I have to give a shout out to this blog I read on occasion. This chick is absolutely hilarious.

http://queserasera.org/

On a side note, this is day number three of NOT SEEING ANY GUYS. I feel free, you know? It's like this horrible weight has been lifted on my shoulders and I can now concentrate on me again.
I hope you detect the sarcasm in the last few sentences…but honestly, I need to start thinking about me and take myself away from it all. It seems like it’s one person after another lately, I mean, I’m not complaining but it’s strange; I am not used to this abundance.
I have met a fellow Newfoundlander a couple of days ago - he seems really cool so I'm not sure how much longer I can hold off. I know, I know, I'm sounding boy crazy…

I have always wanted to meet a fellow Newfoundlander that is gay. I have met one or two before but they didn't cut it. This one...seems really cute. I have these fantasies of settling with a small town boy like myself and entertaining our Newfoundland traditions like cooking Fish n' Brews on Sunday, having cold plates, going ski-dooing, importing some moose meat. I know it sounds lame but it's an important connection to my past.

We could both take trips back to Newfoundland to visit our family and yeah...I know he appreciates our home, I know that it's a place where he has strong ties and because of that I am very attracted to him. He looks 'Black Irish' like myself, and as we talk about our lives, I see a lot of similarities.

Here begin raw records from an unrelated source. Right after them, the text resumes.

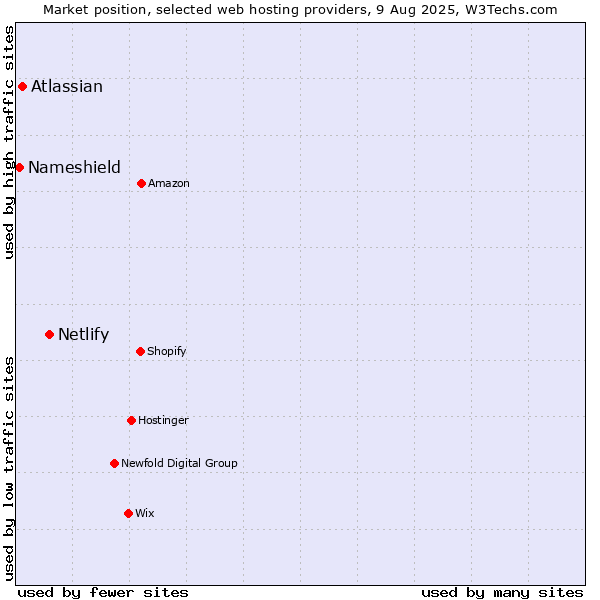 Market position of Netlify vs. Atlassian vs. Nameshield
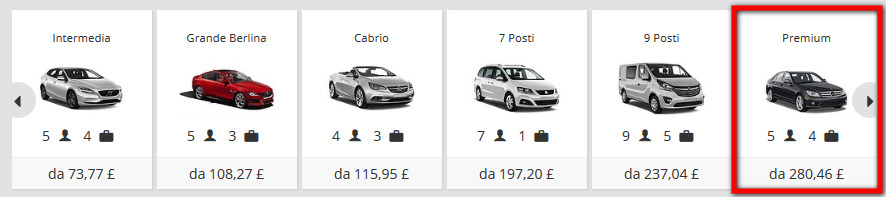 categoria premium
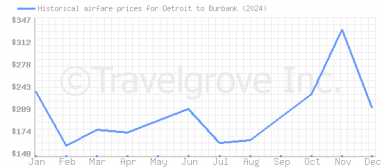 Price overview for flights from Detroit to Burbank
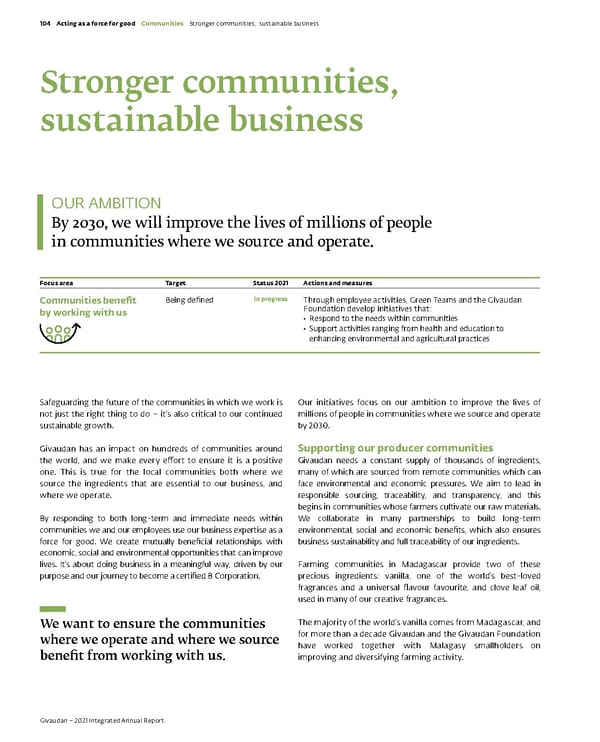 Integrated Annual Report - Page 106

I'll keep you all posted how it turns out. Another loop in the complex matrix of dating Charlie. Sometimes I wonder if I am going about this the right way. I can see myself pissing off some guys in my life once I find Mr. Right. I'll have to learn how to make myself cry or something to seem apologetic when I do the break ups. He he. Seriously, I am not dead on the inside...I'm warming up, my soul is starting to come around again.

I went to my weekly Spin Class last night (I do this twice a week) A.K.A freewheeling. I have been avoiding the Monday slot because the lady who teaches is fucking Satan reincarnated. Not only does she make us climb hills for ten minutes straight, she also announced that she is three months pregnant. I want to stay away from that shit as long as possible.

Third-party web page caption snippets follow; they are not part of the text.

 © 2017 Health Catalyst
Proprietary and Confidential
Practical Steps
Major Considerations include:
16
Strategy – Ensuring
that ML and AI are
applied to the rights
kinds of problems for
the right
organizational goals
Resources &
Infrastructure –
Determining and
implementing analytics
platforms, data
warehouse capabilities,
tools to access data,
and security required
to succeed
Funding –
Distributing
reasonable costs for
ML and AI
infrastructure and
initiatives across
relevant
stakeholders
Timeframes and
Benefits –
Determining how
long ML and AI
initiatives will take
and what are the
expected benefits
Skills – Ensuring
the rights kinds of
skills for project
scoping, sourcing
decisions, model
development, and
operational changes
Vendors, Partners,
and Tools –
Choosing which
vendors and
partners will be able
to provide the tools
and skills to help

The new instructor (Tuesday and Thursdays) is kind of cool. Although, she doesn't let us warm up and I find her a bit scatterbrained. Her music is better though. We even got to hear some 'Smells like Teen Spirit' for our wrap up. I am becoming addicted and lean. The two are great reinforcements for my obsession with staying fit. I guess I'm an official spinner now.

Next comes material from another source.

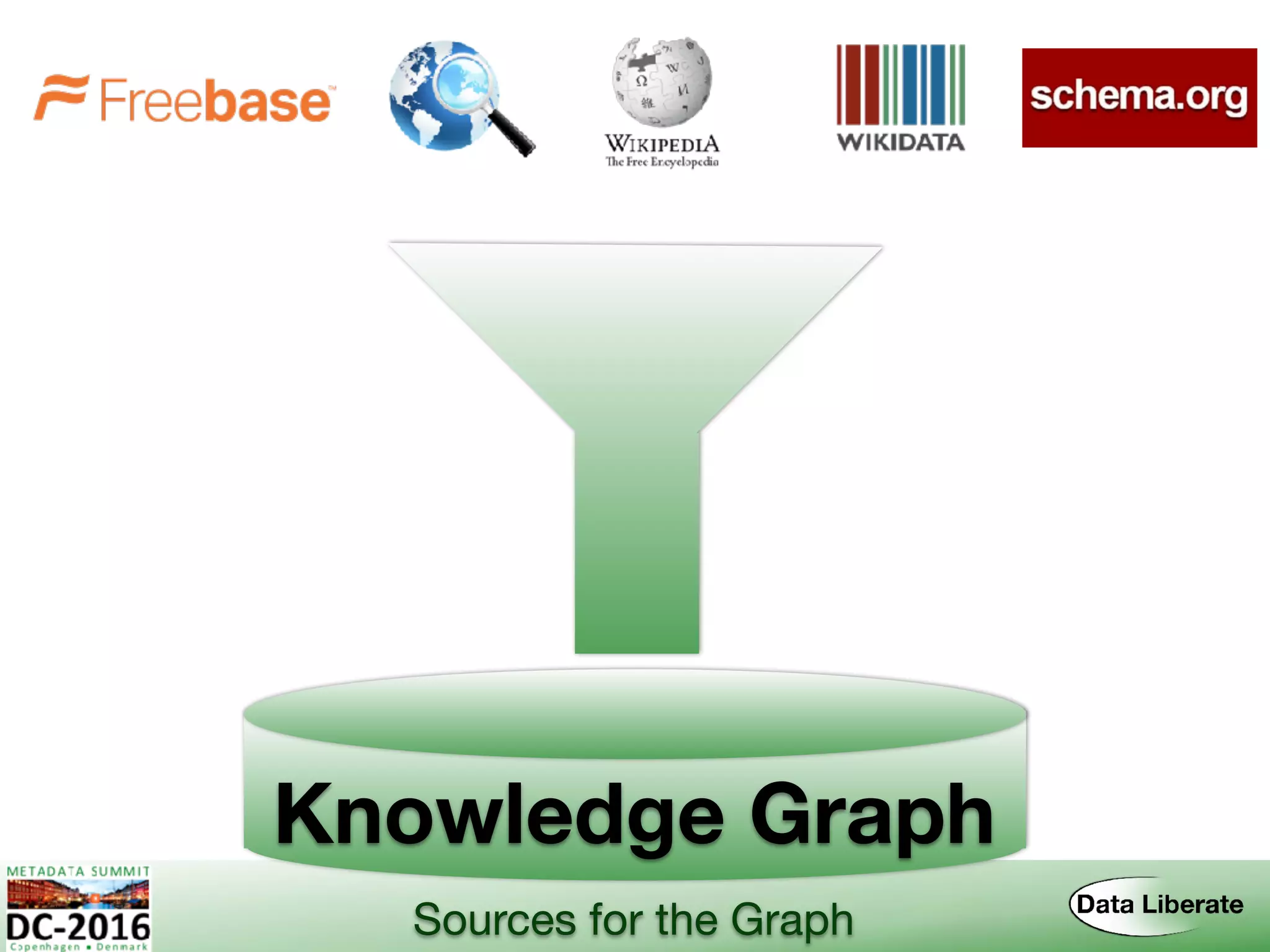 Knowledge Graph
Sources for the Graph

Because of my decision to stay away from the men in my life, during the spin class I found myself looking around. I was wondering what guys were in the class with me, I was noticing who was dropping by to watch, and once in a while I would look out of the glass front of the class to see men coming and going. I have to find a new hobby and fast.

1 comment:

Single Guy said...

I love spinning too...I need to get back into it!